1.  Swing the putter relatively straight back and through the impact zone

2. Square the putter face to the intended target path

3. Control the speed of the putt

The second and third tasks are one in the same.  We learned the ability to strike into and through the back of the ball was the secret to squaring the clubface.  When your mind is focused on striking the back of the ball, the speed of the putt is controlled by the length of the backswing, NOT the amount of muscular force used.  How hard you swing (amount of muscular force) will be constant for all putts.

Later we will learn how to develop the sense of feel needed to determine how much backswing is needed for different length putts and for different surface conditions.  For now, remember your backswing length requires BOTH touch/feel and strategy.

It’s time for a little advertisement.  Some readers may be having doubts about how well this “new” putting stuff works.  What you are reading was the basis of how a college golf team I inherited went from never winning a tournament to winning three out of six and taking second in two more.  We finished nationally ranked in NCAA Division I competition.  The competition included four teams that went to the NCAA Championships and a future British Open and PGA champion we beat.

Some might say … college golfers already know how to putt.  I beg to differ.  Most, like everyday players, they tend to putt on talent and ability, not fundamental skill or a precise strategic plan.  A goal of this instruction is to have you replace talent with technique.  You will still have talent, but your technique will show up every day.

Let’s get started!  Pre-putt fundamentals directly affect the mechanics of the stroke.  Our goal is to use the more consistent shoulder and arm stroke technique.  When greens maintenance equipment produced more consistent putting surfaces, “handsy” putting pretty much died!  There are fundamental things we can do to simplify and better, yet effortlessly, control the motion of our body, our arms and the putter.  We want to create a balanced, square, “Monkey Arms” position.

This lesson is about the pre-putt fundamentals that cause the putter head to move straight back and straight through the back of the ball, along the intended putt path.  Here’s great news!  Pre-putt fundamentals have much more to do with making a consistent stroke than swing motion or skill.  Even better, there is a NATURAL way to make a putting stroke. 

The word natural is very overused in golf language.  Here is the definition we will use.  If something is natural, you do not have to learn and you do not have to try.  Here’s the bad news!  First, it takes zero athletic ability to make a putting stroke.  Second, you have nearly 100% command and control over what you need to do (it’s natural).  Finally, there is no excuse for failure.

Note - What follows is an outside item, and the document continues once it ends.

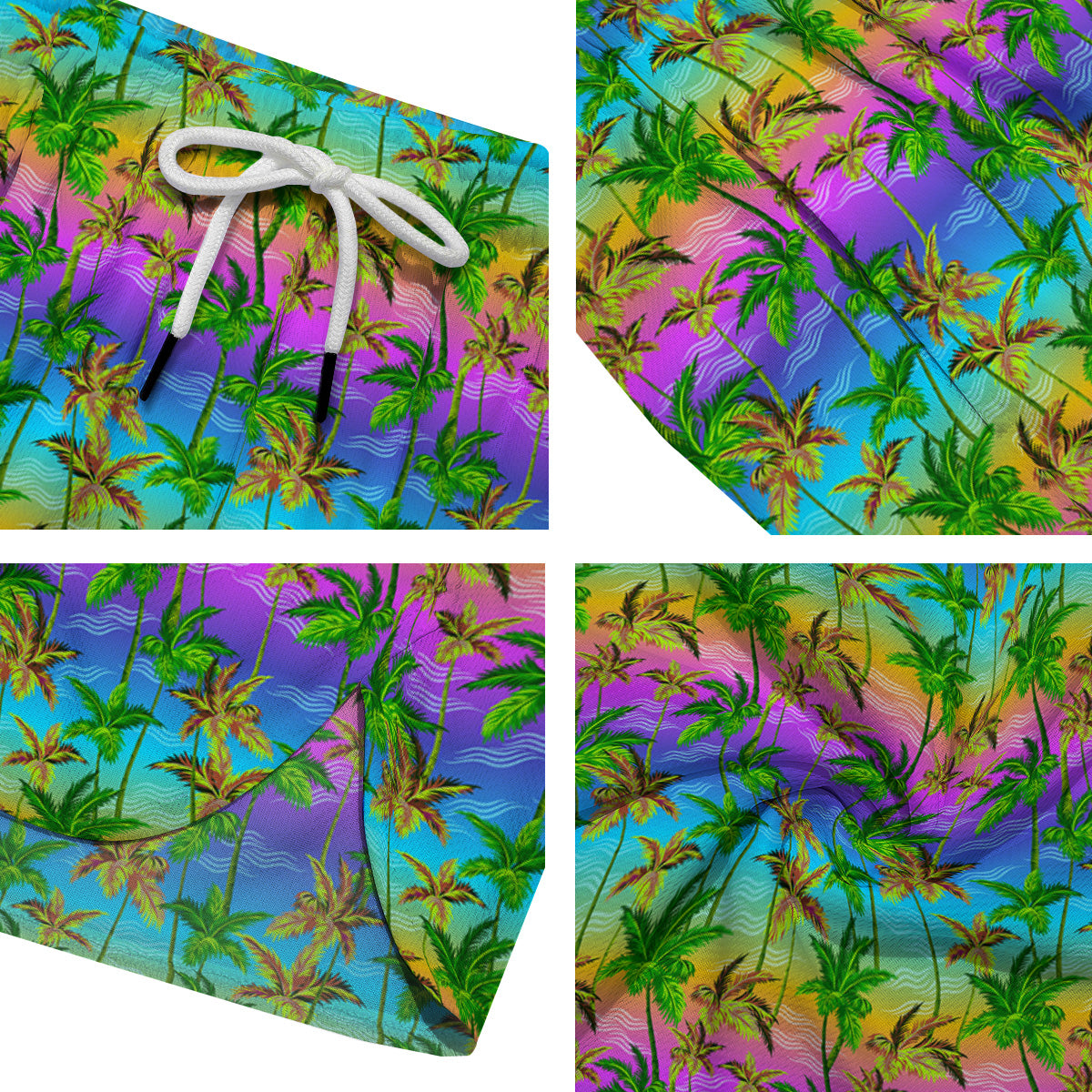 Neon Palm Tree Print Pattern Men's Running Shorts-grizzshop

Here’s a “mini” routine that will guide you through each pre-putt fundamental.  We will expand on this routine and also use it for short game and full swing mechanics, so why not introduce it now?  Just say the key word and then execute the technique.

1.     Club … flat and square

2.     Grip… the club

3.     Point … “Bow” over the ball

4.     Aim … your shoulders parallel to the target path (Fig. 6)

5.    Hang … your hands under your shoulders and your weight is balanced (toe to heel) on the balls of your feet

Learning this routine takes just a few minutes.  During play, it takes less than 5 seconds to execute ... once it has been learned and practiced enough to be of practical value on the course. 

Memorize the five "que" words" ... Club, Grip, Point, Aim and Hang.  This routine is for the set-up only.  It is adapted from the full swing routine and is part of a larger, Master Routine which we will learn later.  Using a routine is the single most important key to the Mental Game.  Using a functional routine is your ticket to the 3 C's ... Composure, Concentration and Confidence.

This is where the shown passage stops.